I am interested in the exceptional example of such an algebra - Hermitian 3x3 matrices with octonionic entries. I would like to have a reference to the explicit formula for the determinant.

 A: We denote by $J_{3}(\mathbb{O})$ be the space:
$$ J_{3}(\mathbb{O}) = \left\{ \begin{pmatrix} \lambda_1 & a_1 & \overline{a_2} \\ \overline{a_1} & \lambda_2 & a_3 \\ a_2 & \overline{a_3} & \lambda_3 \end{pmatrix}, \ a_i \in \mathbb{O}, \ \lambda_i \in \mathbb{C}  \right\}.$$
For any $A \in J_3(\mathbb{O})$, we denote by $\det_{\mathbb{O}}(A)$ the number: 
$${\det}_{\mathbb{O}}(A) = \lambda_1 \lambda_2 \lambda_3 + a_1(a_3a_2) + \big((\overline{a_2})( \overline{a_3}) \big)(\overline{a_1}) - \lambda_2 a_2 \overline{a_2} - \lambda_1 a_3 \overline{a_3} - \lambda_3 a_1 \overline{a_1}.$$ Hence for any $A \in J_3(\mathbb{O})$, we have:
$${\det}_{\mathbb{O}}(A) = \lambda_1 \lambda_2 \lambda_3 + 2\mathfrak{Re}(a_1a_3a_2) - \lambda_2 \|a_2\|^2 - \lambda_1 \|a_3\|^2 - \lambda_3 \|a_1\|^2.$$
A: Makt wrote:

As far as I heard (I am not sure about the precise statement) there is a classification of simple Jordan algebras of Euclidean type.

Yes, in this paper

*

*Pascual Jordan, John von Neumann and Eugene Wigner, On an algebraic generalization of the quantum mechanical formalism, Ann. Math. 35 (1934), 29–64.

the authors proved:
Theorem. Every finite-dimensional Euclidean Jordan
algebra is isomorphic to a direct sum of simple ones, and these are all the simple ones:

*

*$\mathfrak{h}_n(\mathbb{R})$: $n \times n$ self-adjoint real
matrices with $a \circ b = \frac{1}{2}(ab + ba)$.
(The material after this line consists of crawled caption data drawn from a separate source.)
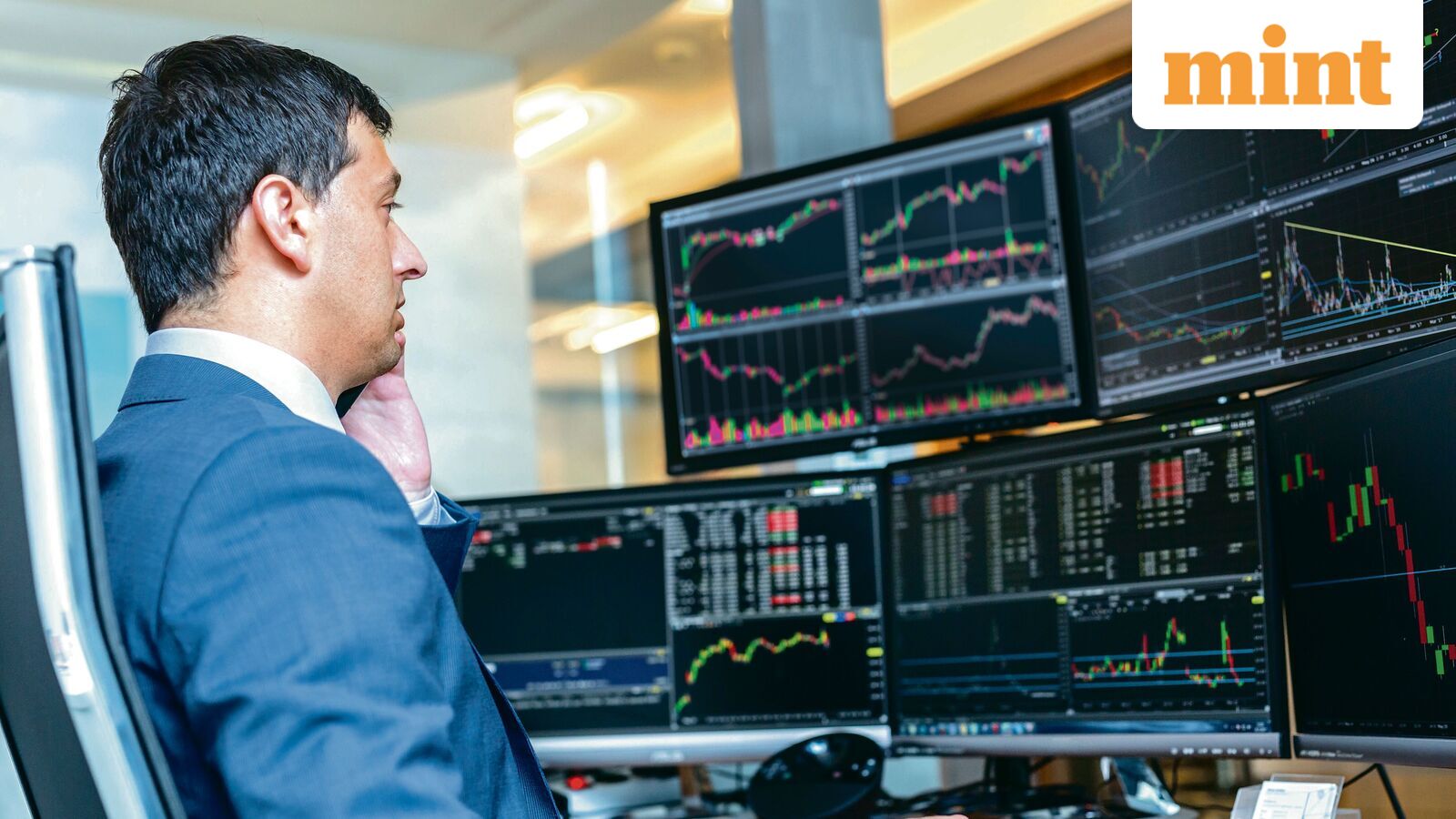 رجا فينكاترامان، MarketSmith يوصي بخمسة أسهم ليوم 25 مايو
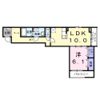 セレーノ大宮の間取り画像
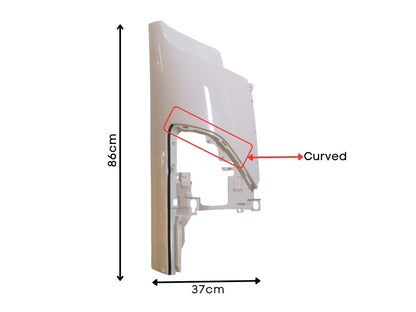 Isuzu F Series Corner Panel Right Hand – FRD/FRR/FSD/FSR/FTR/(07/2021-On) image 2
*$\mathfrak{h}_n(\mathbb{C})$: $n \times n$ self-adjoint complex
matrices with $a \circ b = \frac{1}{2}(ab + ba)$.


*$\mathfrak{h}_n(\mathbb{H})$: $n \times n$ self-adjoint quaternionic  matrices with $a \circ b = \frac{1}{2}(ab + ba)$.


*$\mathfrak{h}_n(\mathbb{O})$: $n \times n$ self-adjoint octonionic matrices with $a \circ b = \frac{1}{2}(ab + ba)$ where $n \le 3$.
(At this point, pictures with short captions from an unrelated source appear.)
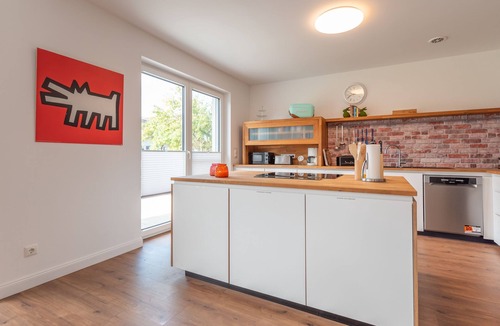 Rankwitz House | Vacation cottage DeRuhHus, Germany
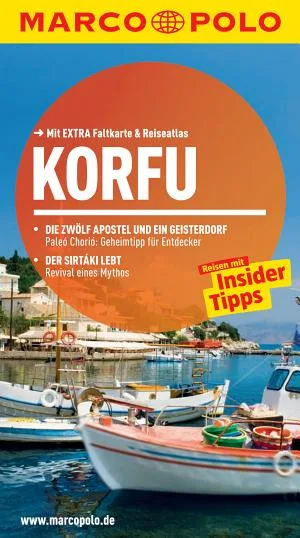 Korfu – Marco Polo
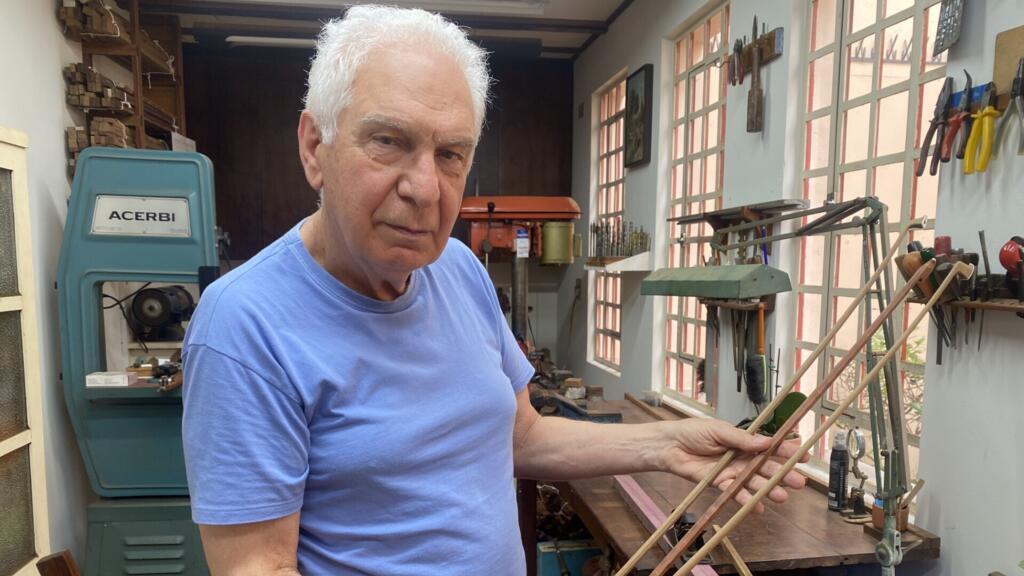 Au Brésil, le bois du Pernambouc, utilisé en musique, est en voie de disparition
*The spin factors $\mathbb{R}^n \oplus \mathbb{R}$, with
$$ (x,t) \circ(x', t') =
(t x' + t' x, x \cdot x' + tt'). $$
Every Euclidean Jordan algebra comes automatically with a cone of positive definite elements, a determinant function, a trace function, and much more.  A good place to learn about these is here:

*

*Jacques Faraut and Adam Korányi, Analysis on Symmetric Cones, Oxford University Press, Oxford, 1994.

The determinant on $\mathfrak{h}_3(\mathbb{O})$ is given by
$$
\det \left( \begin{array}{ccc}  
                         \alpha  &  z  & y^*         \\  
                         z^*       & \beta & x           \\ 
                         y       & x^* & \gamma   \end{array} \right) = 
\alpha \beta \gamma - (\alpha \|x\|^2 + \beta \|y\|^2 + \gamma \|z\|^2)
+ 2 \mathrm{Re}(xyz) 
$$
where $\alpha, \beta, \gamma \in \mathbb{R}$ and $x,y,z \in \mathbb{O}$.  You can check that
$$ \mathrm{Re}((xy)z) = \mathrm{Re}(x(yz)) $$
for any octonions $x,y,z$, so this justifies us in writing either one as $\mathrm{Re}(xyz)$.
For more, including more references, try

*

*John Baez, The octonions, Section 3.4: $\mathbb{O}\mathrm{P}^2$ and the exceptional Jordan algebra, Bull. Amer. Math. Soc. 39 (2002), 145–205.